Export the Impact to Text
This view shows you a text file with all the paths from the impacted node upward to the web service contract. For example, one of the six different paths is this one:
"(MeteoriteHeaderType)<--[INHERITS_FROM]--(meteoriteHeader)<--[USES_ELEMENT]--(header)<--[CONTAINS]--(headerResponse)<--[CONTAINS]--(schemas/com/archimiddle/meteorite/sampleServices/wsdl/somethingService.wsdl)<--[CONTAINS]--(http://meteorite.archimiddle.com/wsdl/somethingService)<--[IS_PARENT]--(Project - meteorite-test.rar)"
The notation is based on the Cypher query language for graph databases. Nodes are between brackets and relationships are between square brackets and form a directed arrow. Note that the file names as well as the namespaces are also considered nodes in the graph. After all, they are relevant through the import and schemaLocation elements and attributes.

Export the Impact to Image
This view shows you the impact graph as an image. Open it and you will something like this:
(Click on the image to enlarge)
Here we see the six paths again.

Next we want to add an optional detail to something. What is the impact of that?

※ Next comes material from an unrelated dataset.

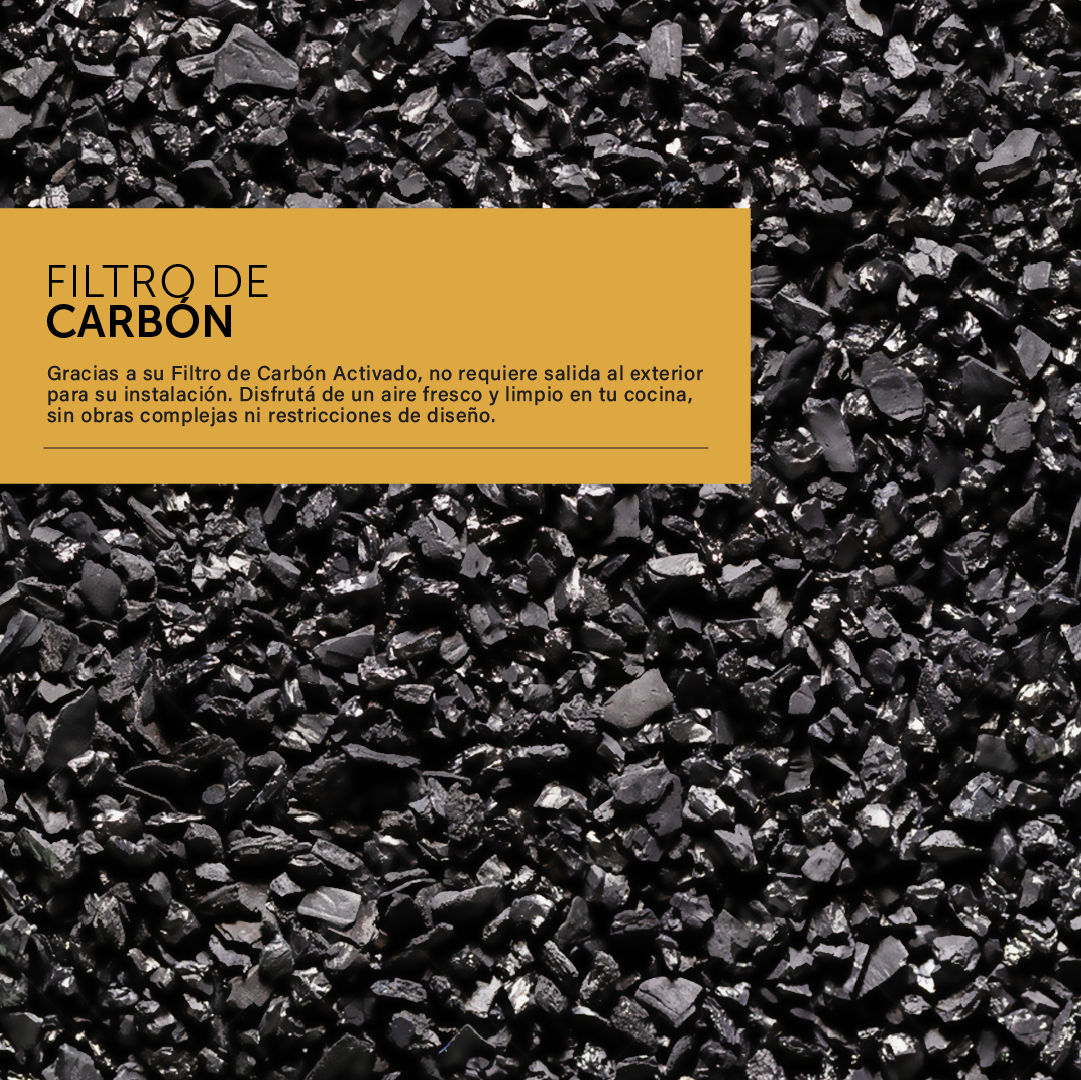 Campana De Pared Vondom Acero Inoxidable Negro - 90 Cm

Go back to "View the Data Tree." (Not the one from the impact menu, the other one) We have now cleared the previous impact analysis, and we can start with a new one.

In the search box upper right, start typing SomethingDetailsType and pick it once it shows. Click on the search button and you have your node on the screen. Now click the impact analysis button on the right of it.

Go to the impact report view and we see that only the something service is impacted. The nothing service is not affected by this change.

Export to image and you will get this impact graph:

We see that only the getSomething() operation is affected, not the searchSomething() operation. This is so because the search will only return basic something, not the detailed something.

This concludes the short tutorial for Meteorite. You can modify the schemas and experiment with it yourself. It is something surprising what impact a small and seemingly innocent change in a schema can have!

Now try to analyze the impact of a change without using the Meteorite tool. Did you find all nodes that are impacted? How long did it take you?

Meteorite uses a graph database (Neo4J) to traverse the impact graph and is therefore very fast. This is just a simple example of the power of graph databases in performing impact analysis in complex structures.